Well, can't get this MAC to post images, but the following post shows what I was trying to show.
Finger joints are to splice boards and box joints make corners.


----------



## JayT (May 6, 2012)

A lot of people use the terms interchangeably to refer to the corner joint. Personally, I call those corners a box joint and use finger joint to refer to the similar technique used to scarf two pieces together to form a longer piece, like this:










Don't know if the way I use the terms is correct, but it at least keeps the different techniques and applications separate in my head.


----------



## jakep_82 (Feb 1, 2012)

My take on it is that all box joints are finger joints, but not all finger joints are box joints.


----------



## ADHDan (Aug 17, 2012)

> My take on it is that all box joints are finger joints, but not all finger joints are box joints.
> 
> - jakep_82


Whether or not this is dictionary-definition true, I really like this answer.
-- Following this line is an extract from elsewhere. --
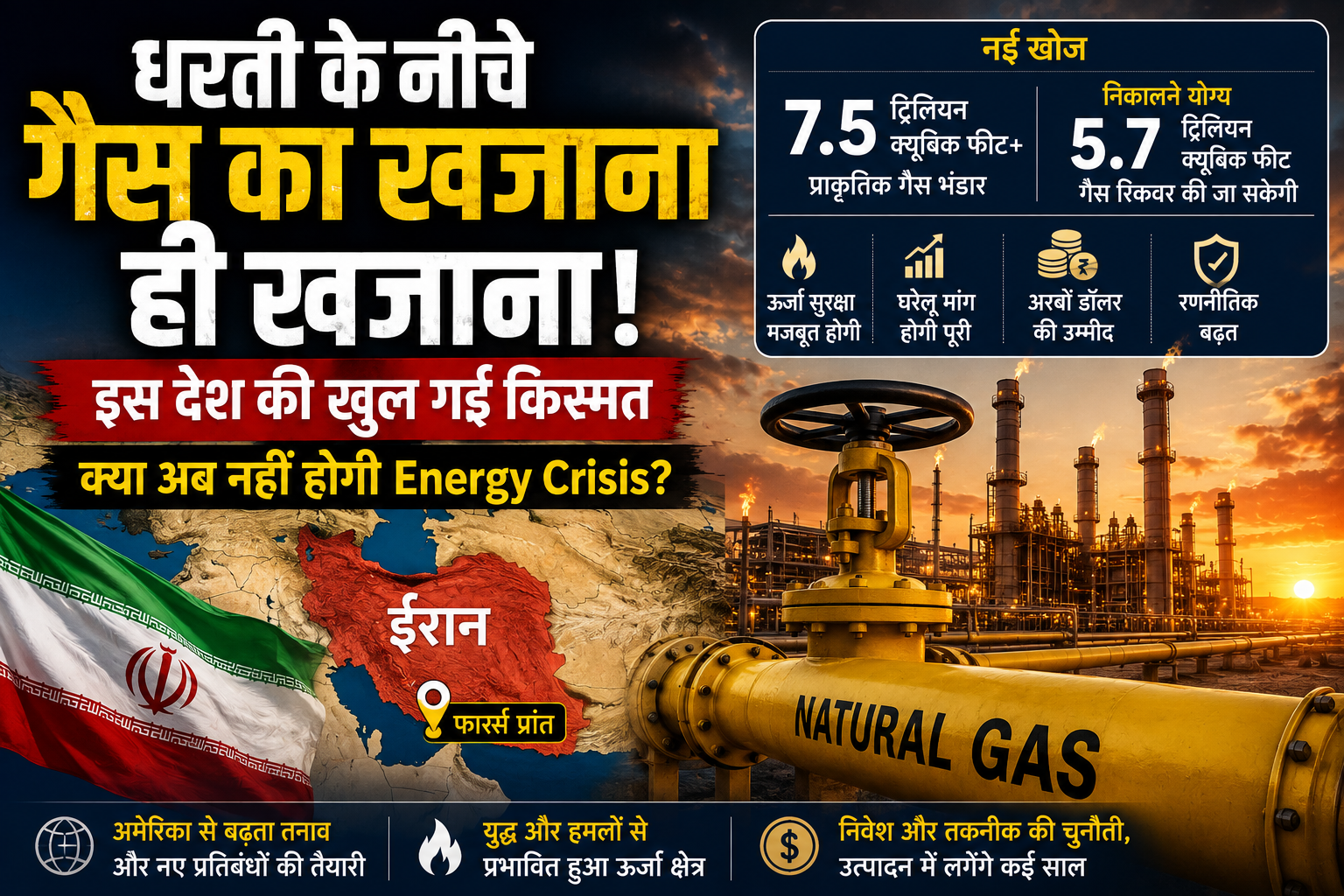 Iran Gas Reserve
Edit: perhaps I have been wrong all this time; I never really thought about using the term finger joints for end-to-end scarfing, but it makes sense.


----------



## JayT (May 6, 2012)

> My take on it is that all box joints are finger joints, but not all finger joints are box joints.
> 
> - jakep_82
> 
> ...


Makes sense to me, too. A finger joint would be any joint that uses "fingers" of wood interlaced to make a connection, while a box joint is a specific application of a finger joint used to make a corner.


----------



## TheFridge (May 1, 2014)

To me, finger joints are small and box joints are bigger than the small ones


----------



## SirIrb (Jan 12, 2015)

In my experience finger joints are used to put together wood in length and usually cut with tapered fingers. Finger jointed moldings is one example. You must paint it. Box joints are used to put together pieces of wood that will join at an angle i.e. a box.


----------



## Picklehead (Feb 12, 2013)

SirIrb: "You must paint it."

Why?


----------



## splatman (Jul 27, 2014)

Yeah, aren't there some people that like that finger-jointy look?


----------



## gfadvm (Jan 13, 2011)

My understanding is the same as Jay T's. But I do see the terms used interchangably.


----------



## Dark_Lightning (Nov 20, 2009)

You must paint it in the sense that stain grade wood is seldom used for a finger joint.


----------



## utwoodhacker (Feb 23, 2015)

> My take on it is that all box joints are finger joints, but not all finger joints are box joints.
> 
> - jakep82





> My take on it is that all box joints are finger joints, but not all finger joints are box joints.
> 
> - jakep82
> 
> ...


I think these really make a lot of sense. So, going back to my original post, I guess you can say that my buddy and I are both right, but it depends on the specific application. Thanks for all of the input.


----------



## SirIrb (Jan 12, 2015)

If you buy finger jointed molding specifically it is sold as "Paint Grade" because it looks like crap if you just clear it. It is made from the dregs and cutoffs in at the molder. You get a bunch of 12" pieces glued together and molded. So specifically molding, yes, paint grade.


> SirIrb: "You must paint it."
> 
> Why?
> 
> - Picklehead


----------



## Picklehead (Feb 12, 2013)

Anybody who tells me I *must* paint something better be looking to paint it himself.


----------



## SirIrb (Jan 12, 2015)

I hate paint. Just pointing out that finger joint molding is paint grade molding. There is nothing more awful looking than finger jointed chair rail that is cleared. It is ugly.


> Anybody who tells me I *must* paint something better be looking to paint it himself.
> 
> - Picklehead


----------



## Picklehead (Feb 12, 2013)

SI: Agreed. Just being a smart-ass paint hater, that's all.


----------